This is the next instalment of my photo life . . . 1985 to 1995. Originally published in Medium Vantage. You can read the previous post in this series here.
THE MIDDLE YEARS
Now where was I? Ah, yes, I met Cindy, moved to Toronto, worked in a factory, took photos. Then Cindy and I went to Europe, spent all our money and washed up back in Canada.
BACK WHERE WE STARTED, 1985
Broke, with no prospects. We decided to go to Ottawa, where we had family. We moved into a spare room at Cindy’s parents place and almost immediately I got a job in a commercial darkroom and Cindy picked up work where she could. We scraped together enough money to move into a place of our own, a small flat on Gladstone Avenue. We were 30-years-old, it felt like we were starting over. I suppose we were.

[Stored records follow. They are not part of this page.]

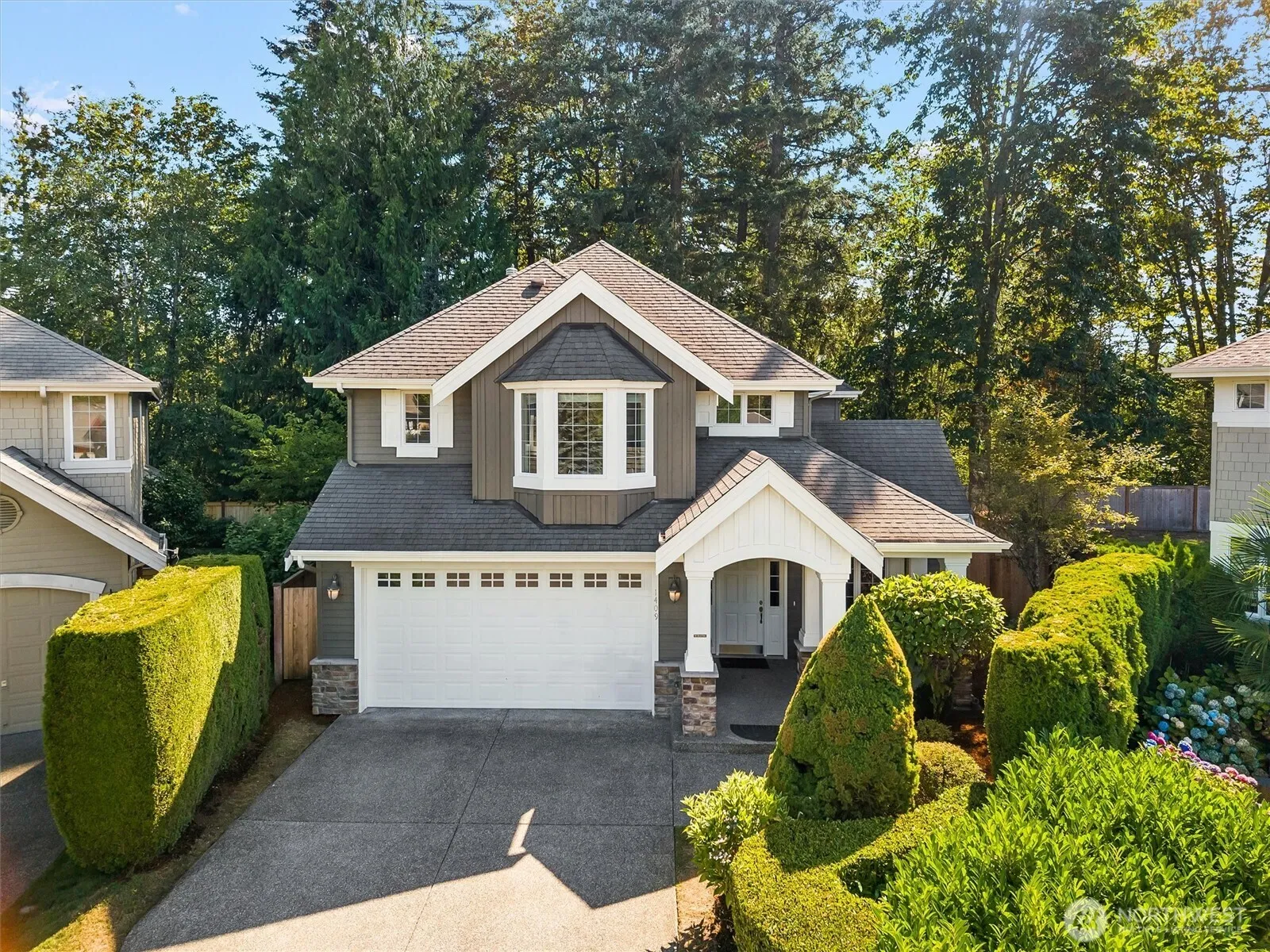 Property photo for 1409 271st Place Se, Sammamish photo 2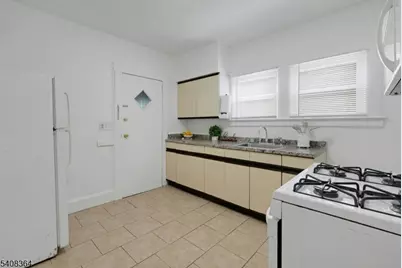 26 Grenada Pl #1, Montclair, NJ 07042 - Photo 12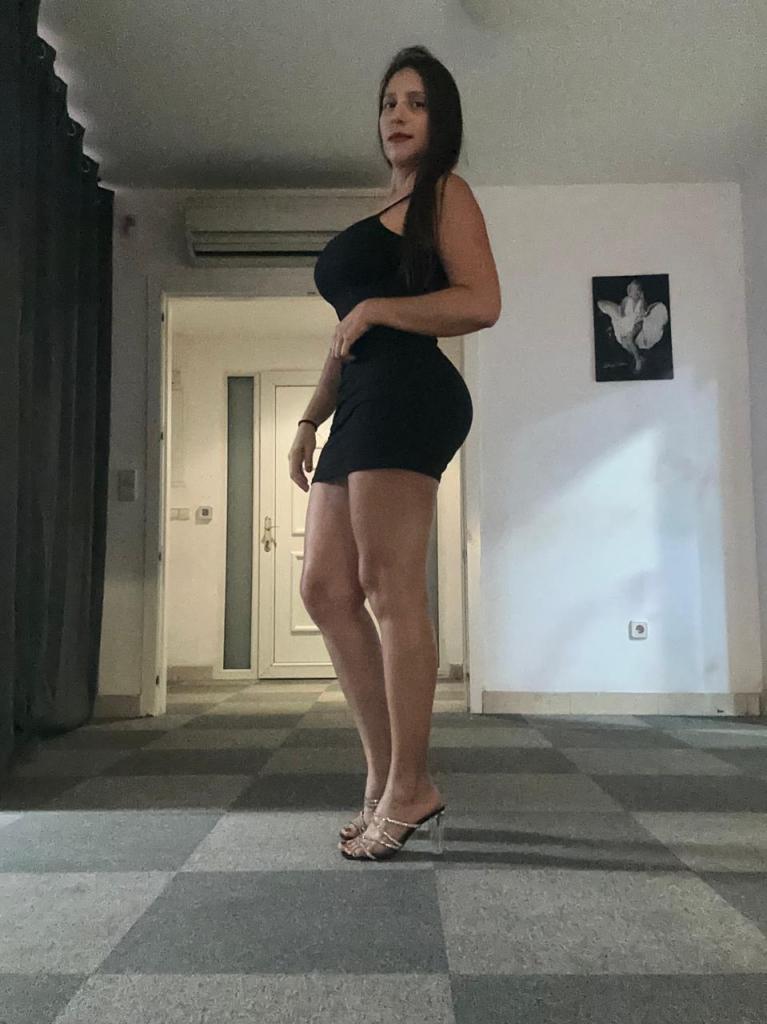 604374286: Chica busca chico en Madrid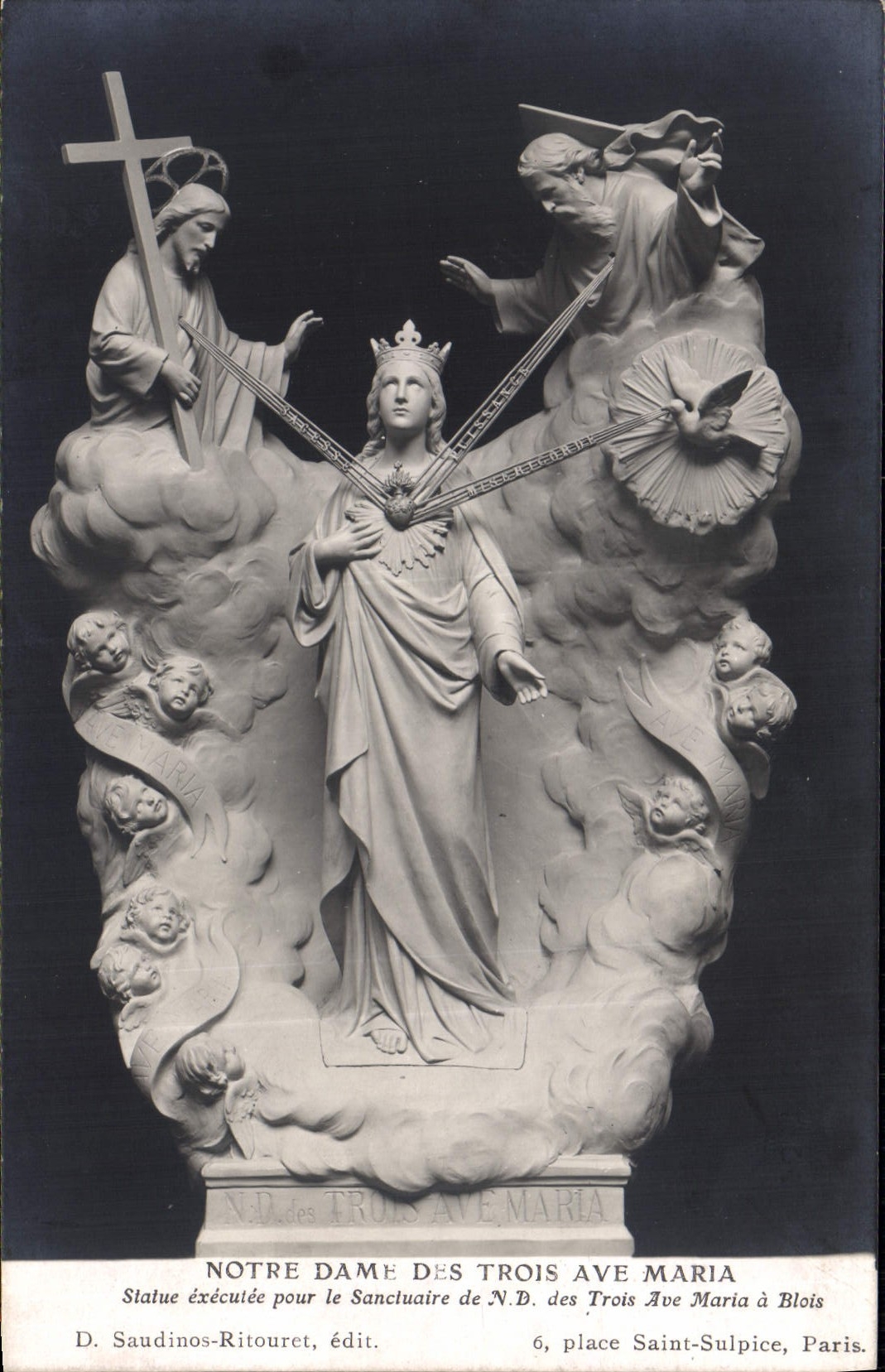 CPA Notre Dame des Trois Ave Maria Statue executee pour le sanctuaire de ND des Trois Ave Maria a Blois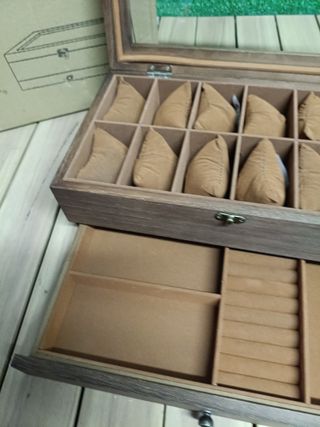 SONGMICS Caja de Relojes con 12 Ranuras, Estuche de Relojes de Madera de 2 Niveles con Tapa de Cristal, Almohadillas, Forro de Terciopelo, Regalo de Seres Queridos, Negro Marrón JOW012K01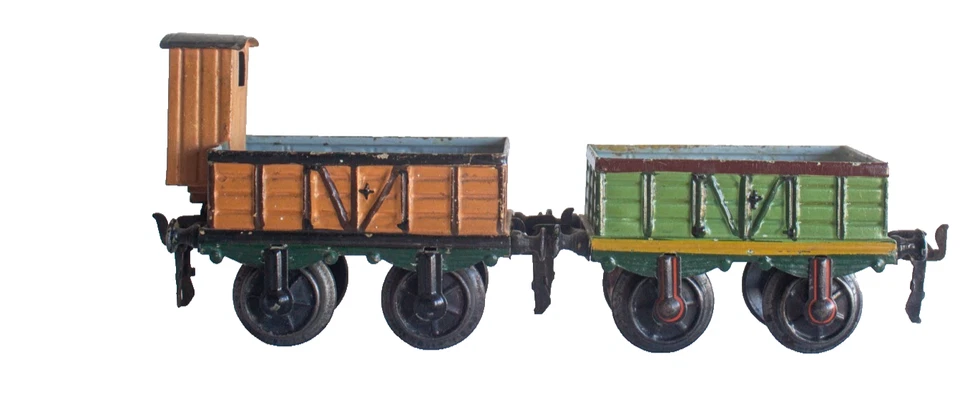 Early Version of 1900's Märklin hand painted Lot of 2 1-gauge Freight Gondolas - Image 2 of 4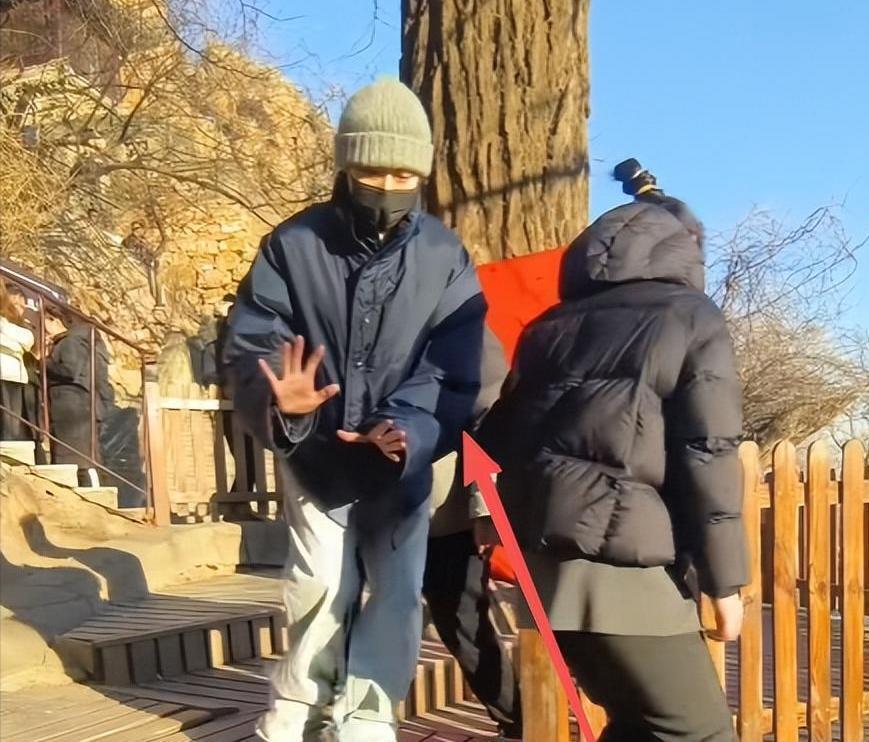 罗晋携任素汐去祈福后，唐嫣连发三文表态，婚变传闻终于真相大白(图3)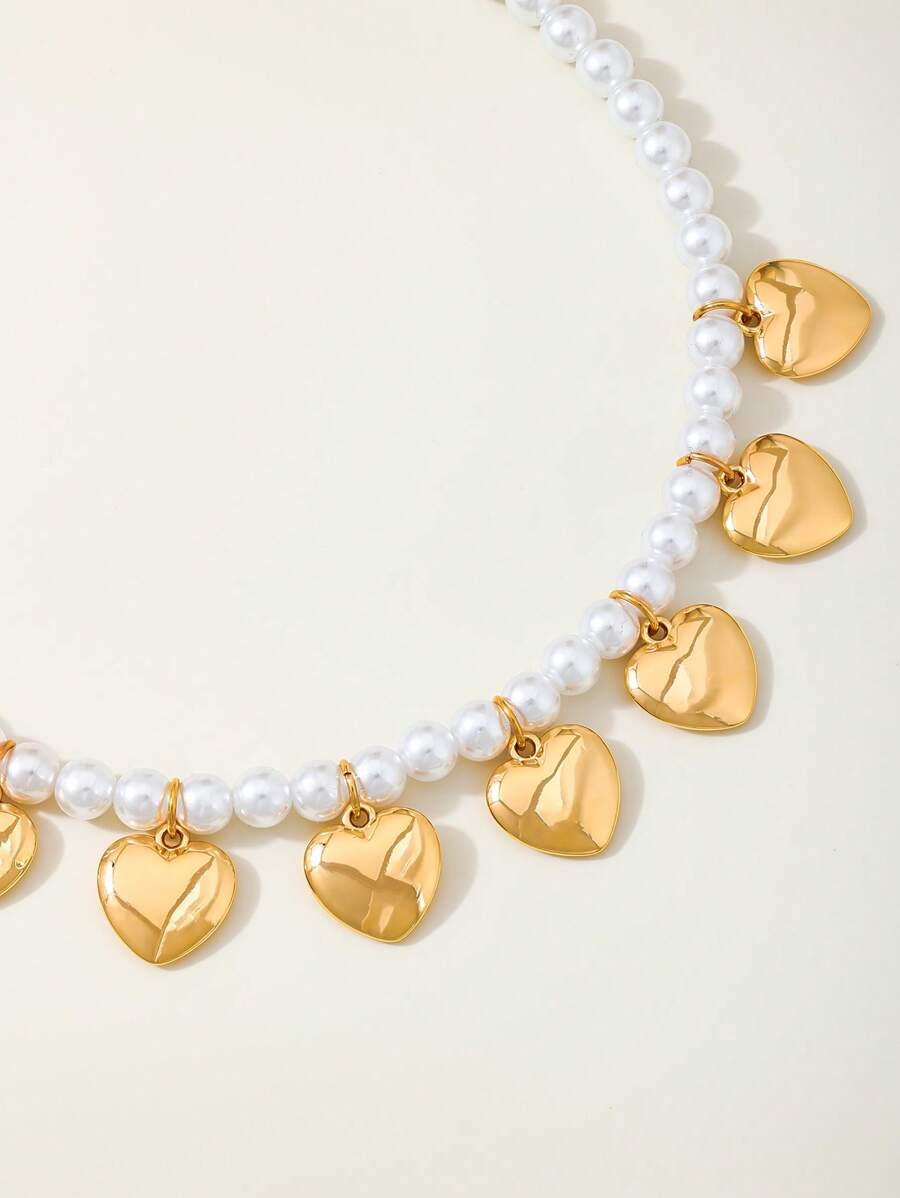 1 Classic Faux Pearl Necklace Paired With Heart-Shaped Pendant Necklace Suitable For Daily Dating And Gift Giving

We had left Toronto, where I made my living working on production lines in factories and now here I was, in Ottawa, doing essentially the same thing. This time, though, instead of making baby carriages and ping pong tables I was printing (mostly) boring photographs for professional photographers.
Once again, I was a slave to the grind. It would be more than a year before I picked up my camera again.
MECHANICSVILLE, 1987-89
I had spent most of my years in Toronto photographing my life, but now, in Ottawa, that subject seemed spent, devoid. And, besides, I was looking for something new — a new approach, a new challenge. Then I stumbled upon a small working class neighbourhood in Ottawa called Mechanicsville.
Mechanicsville was a pretty much self-contained community. You could feel that it was a throw-back of some kind, it was a neighbourhood that you just knew was destined to be changed by progress, by time, by gentrification.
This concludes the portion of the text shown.